## PROBLEM TO SOLVE
From the first line to the last, copy the data exactly.

:::::

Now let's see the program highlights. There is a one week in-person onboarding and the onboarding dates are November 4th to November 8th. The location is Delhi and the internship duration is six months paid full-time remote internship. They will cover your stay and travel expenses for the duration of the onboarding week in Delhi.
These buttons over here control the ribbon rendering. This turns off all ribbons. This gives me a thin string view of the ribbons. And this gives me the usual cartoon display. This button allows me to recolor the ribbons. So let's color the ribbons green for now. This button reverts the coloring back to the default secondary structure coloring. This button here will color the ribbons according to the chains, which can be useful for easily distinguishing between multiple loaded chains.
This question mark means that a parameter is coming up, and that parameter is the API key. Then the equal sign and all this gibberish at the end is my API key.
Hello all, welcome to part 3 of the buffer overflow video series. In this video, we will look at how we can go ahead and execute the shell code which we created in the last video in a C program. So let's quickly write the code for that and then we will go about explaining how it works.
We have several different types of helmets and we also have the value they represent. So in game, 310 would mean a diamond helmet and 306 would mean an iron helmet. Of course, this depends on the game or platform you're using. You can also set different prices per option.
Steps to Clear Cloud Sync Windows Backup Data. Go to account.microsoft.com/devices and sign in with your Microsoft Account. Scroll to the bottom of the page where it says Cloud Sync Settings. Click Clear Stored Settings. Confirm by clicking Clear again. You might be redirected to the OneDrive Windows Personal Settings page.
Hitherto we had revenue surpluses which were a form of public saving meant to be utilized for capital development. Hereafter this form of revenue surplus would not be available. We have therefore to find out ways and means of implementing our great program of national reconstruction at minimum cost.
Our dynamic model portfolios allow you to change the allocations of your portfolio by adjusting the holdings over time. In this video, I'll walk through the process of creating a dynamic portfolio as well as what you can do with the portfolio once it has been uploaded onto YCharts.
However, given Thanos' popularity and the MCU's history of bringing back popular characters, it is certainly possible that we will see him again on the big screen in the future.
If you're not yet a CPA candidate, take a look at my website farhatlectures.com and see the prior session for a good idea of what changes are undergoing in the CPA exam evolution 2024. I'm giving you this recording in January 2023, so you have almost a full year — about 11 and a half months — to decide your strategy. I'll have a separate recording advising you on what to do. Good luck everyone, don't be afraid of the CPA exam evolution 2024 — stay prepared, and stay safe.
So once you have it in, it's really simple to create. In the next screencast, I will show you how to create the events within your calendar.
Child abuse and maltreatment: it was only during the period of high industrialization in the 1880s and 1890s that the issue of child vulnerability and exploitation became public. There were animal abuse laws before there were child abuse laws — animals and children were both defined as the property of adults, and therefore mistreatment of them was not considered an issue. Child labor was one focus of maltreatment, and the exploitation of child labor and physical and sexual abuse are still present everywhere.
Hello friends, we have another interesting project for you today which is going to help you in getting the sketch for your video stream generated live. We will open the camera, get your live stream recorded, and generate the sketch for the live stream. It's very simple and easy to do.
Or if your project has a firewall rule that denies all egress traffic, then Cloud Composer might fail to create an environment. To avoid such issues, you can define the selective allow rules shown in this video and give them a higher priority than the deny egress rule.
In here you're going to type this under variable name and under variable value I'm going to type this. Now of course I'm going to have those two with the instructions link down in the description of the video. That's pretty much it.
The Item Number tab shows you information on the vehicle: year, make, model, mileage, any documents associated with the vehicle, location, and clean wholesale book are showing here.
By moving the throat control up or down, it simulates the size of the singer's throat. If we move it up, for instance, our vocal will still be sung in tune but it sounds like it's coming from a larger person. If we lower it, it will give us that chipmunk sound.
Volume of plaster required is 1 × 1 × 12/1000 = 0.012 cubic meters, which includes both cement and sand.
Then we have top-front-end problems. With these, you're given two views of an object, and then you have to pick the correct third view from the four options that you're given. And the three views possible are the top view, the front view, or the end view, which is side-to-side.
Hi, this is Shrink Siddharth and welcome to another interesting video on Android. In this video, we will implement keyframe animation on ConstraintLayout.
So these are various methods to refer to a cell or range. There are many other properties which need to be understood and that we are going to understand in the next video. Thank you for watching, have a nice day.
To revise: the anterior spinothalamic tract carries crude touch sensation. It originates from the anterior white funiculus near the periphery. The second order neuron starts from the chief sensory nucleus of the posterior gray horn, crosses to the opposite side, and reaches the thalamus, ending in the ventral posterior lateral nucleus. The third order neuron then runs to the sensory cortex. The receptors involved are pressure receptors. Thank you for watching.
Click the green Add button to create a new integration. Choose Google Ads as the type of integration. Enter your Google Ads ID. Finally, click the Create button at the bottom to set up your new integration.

:::::

## ANSWER BOX
Now let's see the program highlights. There is a one week in-person onboarding and the onboarding dates are November 4th to November 8th. The location is Delhi and the internship duration is six months paid full-time remote internship. They will cover your stay and travel expenses for the duration of the onboarding week in Delhi.
These buttons over here control the ribbon rendering. This turns off all ribbons. This gives me a thin string view of the ribbons. And this gives me the usual cartoon display. This button allows me to recolor the ribbons. So let's color the ribbons green for now. This button reverts the coloring back to the default secondary structure coloring. This button here will color the ribbons according to the chains, which can be useful for easily distinguishing between multiple loaded chains.
This question mark means that a parameter is coming up, and that parameter is the API key. Then the equal sign and all this gibberish at the end is my API key.
Hello all, welcome to part 3 of the buffer overflow video series. In this video, we will look at how we can go ahead and execute the shell code which we created in the last video in a C program. So let's quickly write the code for that and then we will go about explaining how it works.
We have several different types of helmets and we also have the value they represent. So in game, 310 would mean a diamond helmet and 306 would mean an iron helmet. Of course, this depends on the game or platform you're using. You can also set different prices per option.
Steps to Clear Cloud Sync Windows Backup Data. Go to account.microsoft.com/devices and sign in with your Microsoft Account. Scroll to the bottom of the page where it says Cloud Sync Settings. Click Clear Stored Settings. Confirm by clicking Clear again. You might be redirected to the OneDrive Windows Personal Settings page.
Hitherto we had revenue surpluses which were a form of public saving meant to be utilized for capital development. Hereafter this form of revenue surplus would not be available. We have therefore to find out ways and means of implementing our great program of national reconstruction at minimum cost.
Our dynamic model portfolios allow you to change the allocations of your portfolio by adjusting the holdings over time. In this video, I'll walk through the process of creating a dynamic portfolio as well as what you can do with the portfolio once it has been uploaded onto YCharts.
However, given Thanos' popularity and the MCU's history of bringing back popular characters, it is certainly possible that we will see him again on the big screen in the future.
If you're not yet a CPA candidate, take a look at my website farhatlectures.com and see the prior session for a good idea of what changes are undergoing in the CPA exam evolution 2024. I'm giving you this recording in January 2023, so you have almost a full year — about 11 and a half months — to decide your strategy. I'll have a separate recording advising you on what to do. Good luck everyone, don't be afraid of the CPA exam evolution 2024 — stay prepared, and stay safe.
So once you have it in, it's really simple to create. In the next screencast, I will show you how to create the events within your calendar.
Child abuse and maltreatment: it was only during the period of high industrialization in the 1880s and 1890s that the issue of child vulnerability and exploitation became public. There were animal abuse laws before there were child abuse laws — animals and children were both defined as the property of adults, and therefore mistreatment of them was not considered an issue. Child labor was one focus of maltreatment, and the exploitation of child labor and physical and sexual abuse are still present everywhere.
Hello friends, we have another interesting project for you today which is going to help you in getting the sketch for your video stream generated live. We will open the camera, get your live stream recorded, and generate the sketch for the live stream. It's very simple and easy to do.
Or if your project has a firewall rule that denies all egress traffic, then Cloud Composer might fail to create an environment. To avoid such issues, you can define the selective allow rules shown in this video and give them a higher priority than the deny egress rule.
In here you're going to type this under variable name and under variable value I'm going to type this. Now of course I'm going to have those two with the instructions link down in the description of the video. That's pretty much it.
The Item Number tab shows you information on the vehicle: year, make, model, mileage, any documents associated with the vehicle, location, and clean wholesale book are showing here.
By moving the throat control up or down, it simulates the size of the singer's throat. If we move it up, for instance, our vocal will still be sung in tune but it sounds like it's coming from a larger person. If we lower it, it will give us that chipmunk sound.
Volume of plaster required is 1 × 1 × 12/1000 = 0.012 cubic meters, which includes both cement and sand.
Then we have top-front-end problems. With these, you're given two views of an object, and then you have to pick the correct third view from the four options that you're given. And the three views possible are the top view, the front view, or the end view, which is side-to-side.
Hi, this is Shrink Siddharth and welcome to another interesting video on Android. In this video, we will implement keyframe animation on ConstraintLayout.
So these are various methods to refer to a cell or range. There are many other properties which need to be understood and that we are going to understand in the next video. Thank you for watching, have a nice day.
To revise: the anterior spinothalamic tract carries crude touch sensation. It originates from the anterior white funiculus near the periphery. The second order neuron starts from the chief sensory nucleus of the posterior gray horn, crosses to the opposite side, and reaches the thalamus, ending in the ventral posterior lateral nucleus. The third order neuron then runs to the sensory cortex. The receptors involved are pressure receptors. Thank you for watching.
Click the green Add button to create a new integration. Choose Google Ads as the type of integration. Enter your Google Ads ID. Finally, click the Create button at the bottom to set up your new integration.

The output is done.